KALEA ROSE HAIR CARE  FOUNDER  Martin Rodriguez

Do It Yourself Hair color?

            Oprah’s magazine did a feature in the November 2009 issue about saving money on your hair by coloring at home.  These days we all appreciate a good tip on saving money.  However, as a professional hairstylist and master colorist, I must address the many problematic outcomes that are possible when people attempt to get salon quality results at home.  Now I am not saying that it is not possible to get decent color results by doing it yourself.  But the article in “The Oprah Magazine” is extremely misleading and could encourage an overly ambitious mindset that could cost you more money in the end.  There are just some things that should be done by a professional, if you want professional results. 

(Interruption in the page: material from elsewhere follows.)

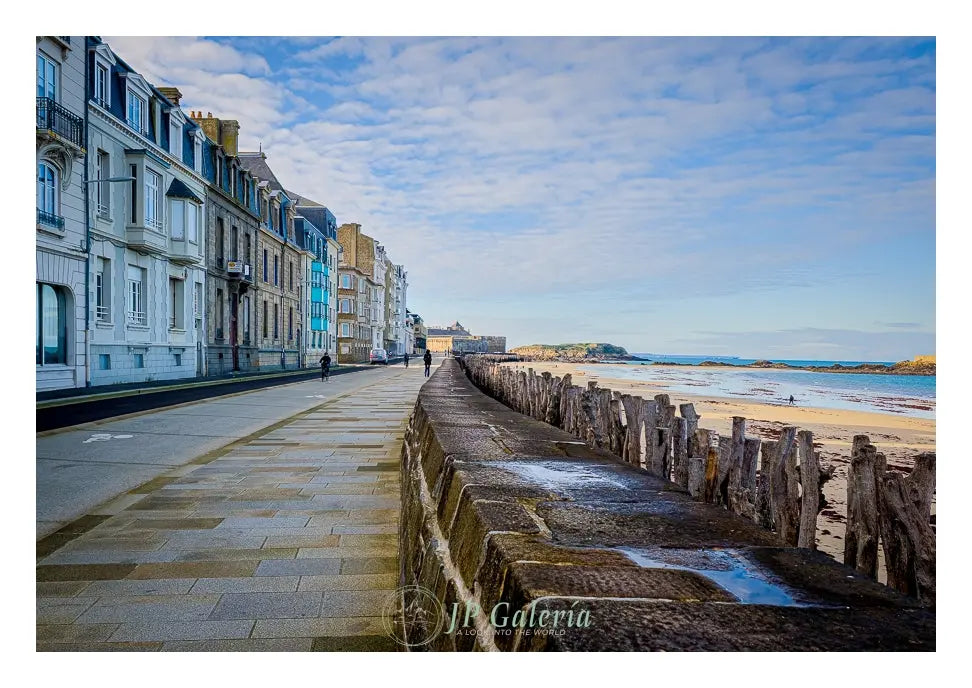Saint-Malo Grande Plage du Sillon - JP Galería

First and foremost is the choice and blending of colors.  The main reason that the women in the article have such impressive results is that the magazine’s “hair professor,” Sharon Dorram, is instructing the women on color choice and mixing.  In my thirty years of experience doing hair I am often asked for the formula I use when doing someone’s color.  Why?  Because I have been trained and experienced in selecting the right color combinations to compliment skin, eyes, personalities, lifestyles and budgets.  It is not as easy as holding the picture on the box up to your face.  The magazine article admits that, “finding a gorgeous…red in a box can be a challenge,” while encouraging women to combine shades for best results.  However, it skips the part that explains exactly how you are supposed to choose these colors yourself.  After all, the guinea pigs in the article have a professional to choose for them.  At home, reds can be too orange, to pink, too violet, too dark, too light and just plain lifeless.  If you do not understand the underlying color pigments in your own hair as well as the pigments used in the product, then you may be in for a big surprise when you color at home. And this goes for blondes and brunettes as well.

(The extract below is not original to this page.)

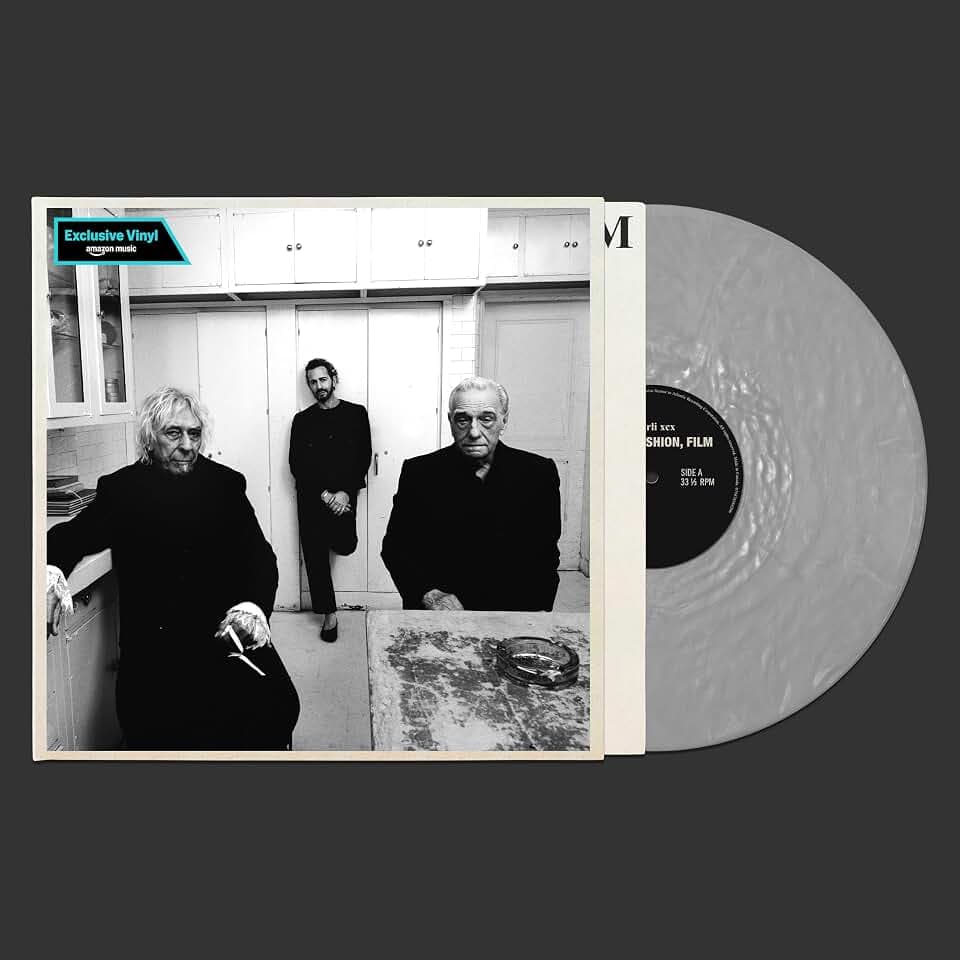 Music, Fashion, Film (White Bone Vinyl - Exklusiv bei Amazon.de) [Vinyl LP]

The second major problem with this “DIY” advice is the instructions for using lighter colors on the ends to prevent them from turning dark.  The problem is deciding how much lighter to go and how much of the ends need the lighter color.  The answer to both of those questions will vary considerably, depending on the condition, texture and color of the hair.  Plus, everyone’s chemistry is different, which affects the color process and formulas.  It doesn’t take too much imagination to picture the bad possibilities of choosing and processing a different color on the top of your hair than the ends.  We can all picture that going very badly. 

Lastly, I want to address the idea of bleaching or highlighting at home.  As you can see by the color wheel below, there are various colors that make up one hair color.  For instance, a brown can be made up of blue with orange, yellow with violet, or even green with red.  We all have a unique combination of colors that make up our main shade.  When you begin to lighten the hair with bleach you are stripping colors away, which takes the hair through numerous colors before getting to the desired shade.  The main problem here is timing and watching.  It takes a lot of practice to see whether or not a piece of hair has reached the desired color, especially when it is still saturated with bleach.  A few minutes can make a disastrous difference.  Rinse out too soon and you may have to reapply the bleach, too late and you could fry the hair, or end up with the wrong result.                     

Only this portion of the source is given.